These and other consequences relating to undetected errors affecting the quality, reliability and security of our products could negatively affect our business and results of operations.

Network equipment sales to large communications service providers often involve lengthy sales cycles and protracted contract negotiations and may require us to assume commercial terms or conditions that negatively affect pricing, risk allocation, payment and the timing of revenue recognition.
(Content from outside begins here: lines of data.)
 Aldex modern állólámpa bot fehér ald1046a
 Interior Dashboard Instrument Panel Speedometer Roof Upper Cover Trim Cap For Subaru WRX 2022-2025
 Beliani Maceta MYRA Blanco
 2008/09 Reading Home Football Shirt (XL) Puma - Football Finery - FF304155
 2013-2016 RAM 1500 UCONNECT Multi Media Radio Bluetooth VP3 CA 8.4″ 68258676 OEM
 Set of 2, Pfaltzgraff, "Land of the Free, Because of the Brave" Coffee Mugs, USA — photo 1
A significant portion of our revenue comes from sales to large communications service providers. These sales typically involve lengthy sales cycles, extensive product testing, and demonstration laboratory or network certification, including network-specific or region-specific product certification or homologation processes. These sales also often involve protracted and sometimes difficult contract negotiations in which we may deem it necessary to agree to unfavorable contractual or commercial terms that adversely affect pricing, expose us to penalties for delays or non-performance, and require us to assume a disproportionate amount of risk. We may also be requested to provide deferred payment terms, vendor or third-party financing, or offer other alternative purchase structures that extend the timing of payment and revenue recognition. These terms may negatively affect our revenue and results of operations and increase our susceptibility to quarterly fluctuations in our results. Service providers may ultimately insist upon terms and conditions that we deem too onerous or not in our best interest. Moreover, our purchase agreements generally do not include minimum purchase commitments and customers often have the right to modify, delay, reduce or cancel previous orders. As a result, we may incur substantial expense and devote time and resources to potential sales opportunities that never materialize or result in lower than anticipated sales.
Efforts by us or our strategic third party channel partners to sell our solutions into targeted geographic markets and customer segments may be unsuccessful.
We continue to take steps, including sales initiatives and strategic channel relationships, to sell our products into new markets, growth geographies and diverse customer segments beyond our traditional service provider customer base. Specifically, we are targeting opportunities in Brazil, the Middle East, Russia, Japan and India. We are also targeting sales opportunities with enterprises, wireless operators, cable operators, submarine network operators, Internet content providers, cloud infrastructure providers, research and education institutions, and federal, state and local governments. We believe sales to these customer segments, as well as emerging network operators supporting new communications services and applications, will be an important component of our growth strategy. In many cases, we have less experience in these markets and customer segments and they may have less familiarity with our company. To succeed in some of these geographic markets and customer segments we intend to leverage strategic sales channels and distribution arrangements and expect these relationships to be an important part of our business. Our efforts may be unsuccessful, and difficulties selling into these target markets, including through third party channels, could limit our growth and harm our results of operations.


21

Table of Contents

The international scale of our operations exposes us to additional risk and expense that could adversely affect our results of operations.
We market, sell and service our products globally and rely upon a global supply chain for sourcing important components and manufacturing of our products. Our international operations are subject to inherent risks, including:
the impact of economic conditions in countries outside the United States;
effects of changes in currency exchange rates;
greater difficulty in collecting accounts receivable and longer collection periods;
difficulty and cost of staffing and managing foreign operations;
less protection for intellectual property rights in some countries;
adverse tax and customs consequences, particularly as related to transfer-pricing issues;
social, political and economic instability;
higher incidence of corruption or unethical business practices that could expose us to liability or damage our reputation;
trade protection measures, export compliance, domestic preference procurement requirements, qualification to transact business and additional regulatory requirements; and
natural disasters, epidemics and acts of war or terrorism.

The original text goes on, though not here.